“As the 29th of September deadline for the disastrous blanket bank guarantee draws ever closer, it is now becoming absolutely clear that the government has no effective exit strategy and that its plan is to rollover the guarantee and to extend a very large portion of the guarantee for a period of up to 5 years.
“When the guarantee was first concocted on 30th September 2008, we were told that it would only last two years and that it would be the cheapest bank rescue in the world. It now looks likely that upwards of €210bn will remain guaranteed for up to five years longer, until 2015, subject to EU state aid approval.
“Taxpayers were this week handed the latest in a string of invoices arising from Fianna Fáil’s disastrous decision to provide a blanket bank guarantee back in September 2008. A further €2bn was pumped into the dead-bank-walking that is Anglo, bringing the total to €14.3bn so far for this zombie bank alone, with at least another €8bn on the way.
“On the day that the NAMA legislation was introduced into the Dáil last September, the government published proposals for a guarantee extension, the Eligible Liabilities Guarantee. Fianna Fáil railroaded this through the Dáil, without allowing for extended debate, on 3rd December 2009 and the Minister for Finance signed off on it on December 9th.
“This gave the government the option to rollover debts which expired under the original guarantee as they matured. This new debt could be issued with a 5 year guarantee at any point up to 29th September 2010.
“The Minister for Finance admitted in reply to my parliamentary question on 1st June 2010 that he “would expect further amounts of the eligible liabilities currently covered under CIFS to rollover into ELG as they mature”. He also confirmed that “as of the end March, liabilities guaranteed under the Covered Institutions (Financial Support) Scheme (CIFS) amounted to €130 billion while liabilities under the Eligible Liabilities Guarantee Scheme (ELG) amounted to €139 billion.
“In reply to another parliamentary question, on 2nd June 2010, he confirmed that liabilities of €188bn guaranteed under these schemes is set to mature before the end of September deadline. Of this, €74.2bn is accounted for by lending from other banks (€16.4bn), senior bonds (€57.8bn) and subordinated bonds (€866m).

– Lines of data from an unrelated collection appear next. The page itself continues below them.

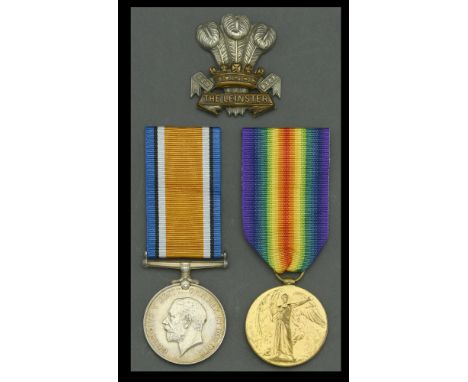 Pair: Lance-Corporal H. Savory, Leinster Regiment, who was killed in action on the Western Front on 10 June 1917  British War
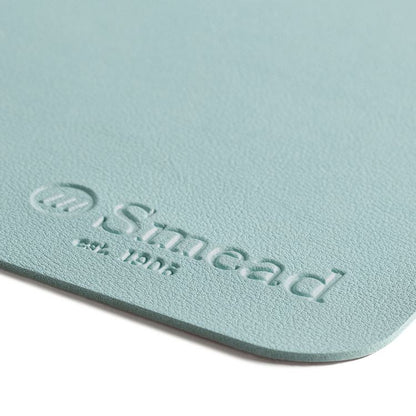 Vegan Leather Desk Pads, 31.5" x 15.7", Light Blue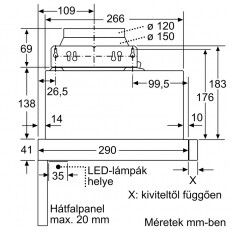 Bosch DFL064W53 kih&uacute;zhat&oacute; p&aacute;raelsz&iacute;v&oacute; Konyhai term&eacute;kek - P&aacute;raelsz&iacute;v&oacute; - Be&eacute;p&iacute;thető / kih&uacute;zhat&oacute; - 369950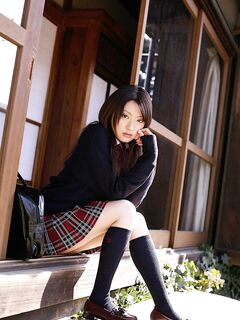 Asian College Girl Misa Shinozaki Slides Hand And Vibrator Inside The Tiny Panty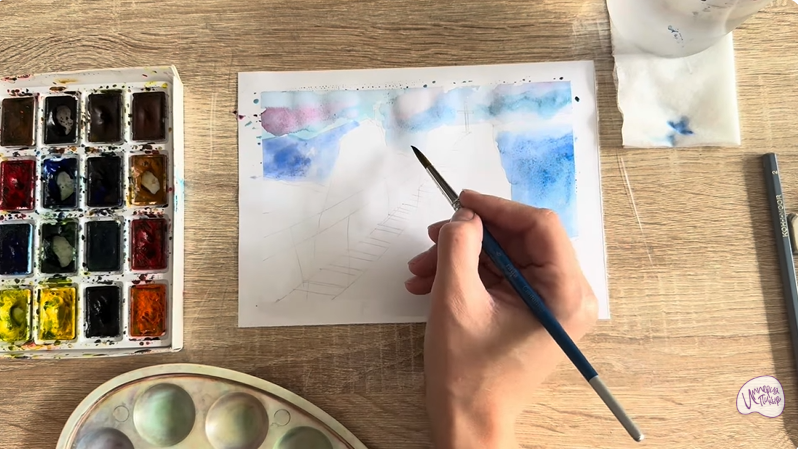 Рисуем Гора Ай-Петри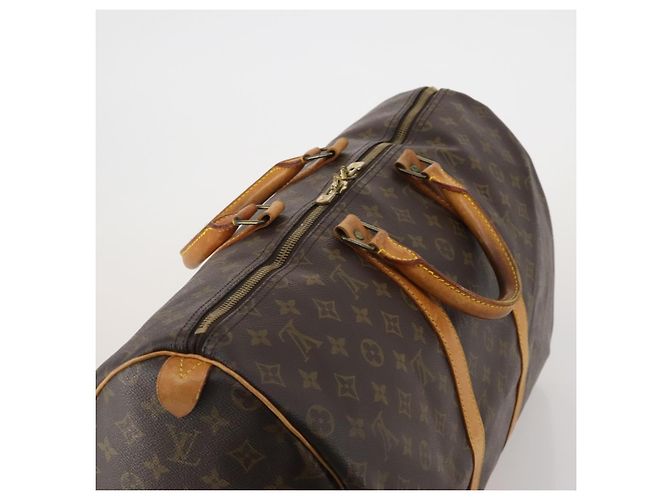 LOUIS VUITTON Monogram Keepall 50 Boston Bag M41426 LV Auth 197861 Monogramm - Ansicht 6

“This week, the EU Commission granted provisional state aid approval for the continuation of the ELG scheme until the end of June, pending a full and formal approval process to extend the scheme until 29th September.
“Leaked reports suggest that the government intends to extend even this date to the end of 2010, which would allow them to guarantee tens of billions more, but this will require new or amending legislation.
“The Labour Party stood alone in the Dail in October 2008 in opposing the blanket nature of the bank guarantee. The wisdom of our position has been vindicated by events since then. The inclusion of Anglo in the guarantee is the principal reason why the taxpayer is being required to pump what seems like endless thousands of millions of Euros into the financial black hole of Anglo Irish.
Taxpayers should remember who placed this financial millstone around their necks when they get the opportunity to vote in the next general election.”